**Problem requirements:**
Reproduce the records below word for word.

----------------

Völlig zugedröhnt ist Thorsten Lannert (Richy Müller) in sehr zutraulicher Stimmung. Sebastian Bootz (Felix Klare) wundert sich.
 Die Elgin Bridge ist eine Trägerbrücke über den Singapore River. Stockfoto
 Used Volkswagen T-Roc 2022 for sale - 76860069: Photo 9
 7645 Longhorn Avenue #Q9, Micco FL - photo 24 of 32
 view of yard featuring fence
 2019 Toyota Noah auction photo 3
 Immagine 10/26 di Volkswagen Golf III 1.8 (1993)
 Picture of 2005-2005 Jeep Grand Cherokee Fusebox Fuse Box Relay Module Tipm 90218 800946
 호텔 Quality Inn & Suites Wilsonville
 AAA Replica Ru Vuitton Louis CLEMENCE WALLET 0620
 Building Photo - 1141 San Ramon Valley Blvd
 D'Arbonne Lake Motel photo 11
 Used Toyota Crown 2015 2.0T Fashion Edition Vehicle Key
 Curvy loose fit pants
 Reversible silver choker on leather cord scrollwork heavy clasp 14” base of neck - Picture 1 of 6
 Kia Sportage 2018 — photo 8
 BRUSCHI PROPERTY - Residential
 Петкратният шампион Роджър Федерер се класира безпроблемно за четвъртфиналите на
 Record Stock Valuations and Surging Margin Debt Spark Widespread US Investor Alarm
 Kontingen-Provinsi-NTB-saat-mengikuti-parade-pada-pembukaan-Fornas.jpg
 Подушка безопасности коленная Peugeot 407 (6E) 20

----------------

**Response to this exercise:**
Völlig zugedröhnt ist Thorsten Lannert (Richy Müller) in sehr zutraulicher Stimmung. Sebastian Bootz (Felix Klare) wundert sich.
 Die Elgin Bridge ist eine Trägerbrücke über den Singapore River. Stockfoto
 Used Volkswagen T-Roc 2022 for sale - 76860069: Photo 9
 7645 Longhorn Avenue #Q9, Micco FL - photo 24 of 32
 view of yard featuring fence
 2019 Toyota Noah auction photo 3
 Immagine 10/26 di Volkswagen Golf III 1.8 (1993)
 Picture of 2005-2005 Jeep Grand Cherokee Fusebox Fuse Box Relay Module Tipm 90218 800946
 호텔 Quality Inn & Suites Wilsonville
 AAA Replica Ru Vuitton Louis CLEMENCE WALLET 0620
 Building Photo - 1141 San Ramon Valley Blvd
 D'Arbonne Lake Motel photo 11
 Used Toyota Crown 2015 2.0T Fashion Edition Vehicle Key
 Curvy loose fit pants
 Reversible silver choker on leather cord scrollwork heavy clasp 14” base of neck - Picture 1 of 6
 Kia Sportage 2018 — photo 8
 BRUSCHI PROPERTY - Residential
 Петкратният шампион Роджър Федерер се класира безпроблемно за четвъртфиналите на
 Record Stock Valuations and Surging Margin Debt Spark Widespread US Investor Alarm
 Kontingen-Provinsi-NTB-saat-mengikuti-parade-pada-pembukaan-Fornas.jpg
 Подушка безопасности коленная Peugeot 407 (6E) 20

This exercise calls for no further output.